The first time I went to New York’s Metropolitan Museum’s (The Met) summer exhibition Manus Machina: Fashion in an Age of Technology, I felt like I was on the set of a futuristic film. The dresses on show were all wondrous, ethereal, and a bit bizarre, like something from another planet or dimension. The exhibition evoked a dreamlike state with its grey-blue walls and background soundtrack (THIS is the music I heard when I entered), giving the rooms a luminous feeling of enhancement. While coral-embellished Alexander McQueen dresses and Chanel wedding gowns caught my eye at first, I now think the garments on the lower level are some the most daring and innovative pieces. Why? Because they, unlike the rest, were printed.
Yes, friend. This garment, and many others like it, was made physical with a 3D printer.
But what exactly does this mean? What can 3D printing achieve? Well, as it turns out, a lot of things. Met curator Andrew Bolton says 3D printing has the potential to revolutionise the clothing industry because printed attire would “mould exactly to your measurement and it’s environmentally friendly. There’s no waste, whereas there’s always waste with textiles.” 3D printing would not only allow its wearers clothing specially made for them, but also clothing they could download instantly. Although this sounds sensational, I doubt the average person will be able to print a dress with their nifty 3D printer anytime soon (it isn’t able to print natural fibers like cotton yet). Nevertheless, I think this strange type of technology can serve as the catalyst for something else. As a millennial that grew up experiencing the rapid revolution of e-commerce, a sort of scaled-down version of 3D printing is not far-fetched.
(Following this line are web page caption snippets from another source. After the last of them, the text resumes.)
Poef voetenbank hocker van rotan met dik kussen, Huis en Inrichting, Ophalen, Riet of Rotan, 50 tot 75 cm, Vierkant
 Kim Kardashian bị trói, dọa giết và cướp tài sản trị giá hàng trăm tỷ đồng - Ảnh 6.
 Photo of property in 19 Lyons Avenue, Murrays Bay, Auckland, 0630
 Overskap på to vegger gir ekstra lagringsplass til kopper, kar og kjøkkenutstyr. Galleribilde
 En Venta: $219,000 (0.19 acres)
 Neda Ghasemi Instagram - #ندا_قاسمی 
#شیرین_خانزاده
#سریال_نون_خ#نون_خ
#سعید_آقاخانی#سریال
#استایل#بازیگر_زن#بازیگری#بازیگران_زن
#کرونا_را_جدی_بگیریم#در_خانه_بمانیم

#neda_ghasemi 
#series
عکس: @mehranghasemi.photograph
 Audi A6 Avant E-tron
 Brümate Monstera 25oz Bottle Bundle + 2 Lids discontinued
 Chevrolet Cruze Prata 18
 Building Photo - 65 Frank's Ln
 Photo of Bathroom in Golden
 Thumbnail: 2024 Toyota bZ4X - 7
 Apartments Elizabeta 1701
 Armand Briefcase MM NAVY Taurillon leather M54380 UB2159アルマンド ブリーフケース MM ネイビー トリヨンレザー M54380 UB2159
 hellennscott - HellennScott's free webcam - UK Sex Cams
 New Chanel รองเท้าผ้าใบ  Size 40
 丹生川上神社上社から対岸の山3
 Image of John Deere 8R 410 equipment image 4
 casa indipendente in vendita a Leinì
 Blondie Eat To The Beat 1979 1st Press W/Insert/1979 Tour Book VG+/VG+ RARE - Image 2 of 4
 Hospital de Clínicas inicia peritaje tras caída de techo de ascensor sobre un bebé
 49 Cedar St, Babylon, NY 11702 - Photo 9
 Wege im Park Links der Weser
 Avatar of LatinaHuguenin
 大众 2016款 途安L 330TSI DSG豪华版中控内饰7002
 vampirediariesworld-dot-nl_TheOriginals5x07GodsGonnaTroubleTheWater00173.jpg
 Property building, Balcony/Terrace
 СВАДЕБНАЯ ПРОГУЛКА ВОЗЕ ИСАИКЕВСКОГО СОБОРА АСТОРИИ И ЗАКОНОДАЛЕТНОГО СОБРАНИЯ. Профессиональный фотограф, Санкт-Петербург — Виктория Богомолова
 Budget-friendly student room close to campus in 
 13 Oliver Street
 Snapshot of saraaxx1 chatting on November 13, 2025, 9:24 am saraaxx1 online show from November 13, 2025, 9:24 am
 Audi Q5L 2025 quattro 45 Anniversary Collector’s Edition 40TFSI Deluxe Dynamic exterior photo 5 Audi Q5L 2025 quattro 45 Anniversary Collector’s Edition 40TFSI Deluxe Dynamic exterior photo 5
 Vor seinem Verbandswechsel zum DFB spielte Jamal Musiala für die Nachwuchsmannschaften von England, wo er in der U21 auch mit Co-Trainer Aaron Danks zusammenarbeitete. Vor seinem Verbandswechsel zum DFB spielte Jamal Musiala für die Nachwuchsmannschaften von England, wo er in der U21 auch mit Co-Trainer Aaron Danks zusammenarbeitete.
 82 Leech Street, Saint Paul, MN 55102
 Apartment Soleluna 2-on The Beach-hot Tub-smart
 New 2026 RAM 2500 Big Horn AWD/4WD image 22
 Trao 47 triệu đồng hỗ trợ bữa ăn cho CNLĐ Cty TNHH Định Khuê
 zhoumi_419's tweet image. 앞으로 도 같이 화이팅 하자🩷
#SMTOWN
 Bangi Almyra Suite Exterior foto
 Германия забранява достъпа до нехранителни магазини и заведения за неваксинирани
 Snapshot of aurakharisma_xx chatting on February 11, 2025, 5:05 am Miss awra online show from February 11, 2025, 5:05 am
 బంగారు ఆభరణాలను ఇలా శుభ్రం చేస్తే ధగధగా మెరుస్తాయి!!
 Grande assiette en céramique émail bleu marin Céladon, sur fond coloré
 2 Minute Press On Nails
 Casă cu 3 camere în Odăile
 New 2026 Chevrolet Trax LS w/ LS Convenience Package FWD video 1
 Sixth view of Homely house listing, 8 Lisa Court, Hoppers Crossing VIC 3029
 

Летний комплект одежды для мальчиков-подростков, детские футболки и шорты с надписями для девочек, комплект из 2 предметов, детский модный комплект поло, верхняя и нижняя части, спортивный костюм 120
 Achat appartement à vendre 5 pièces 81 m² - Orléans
And 3D printing is just one of the many new examples of wearable technology. Numerous tech companies and fashion institutions are exploring temperature controlled clothing and materials that can change colour (just think: you could wear one dress and it would seem different every time… LIKE A MAN IN A SUIT). This year alone there have been numerous exhibitions, books, and articles predicting advancements in fashion technology. One of these was #Techstyle, the 2016 summer exhibition at The Museum of Fine Arts in Boston, which showcased not only 3D dresses but also laser cut objects and garments which responded to sound.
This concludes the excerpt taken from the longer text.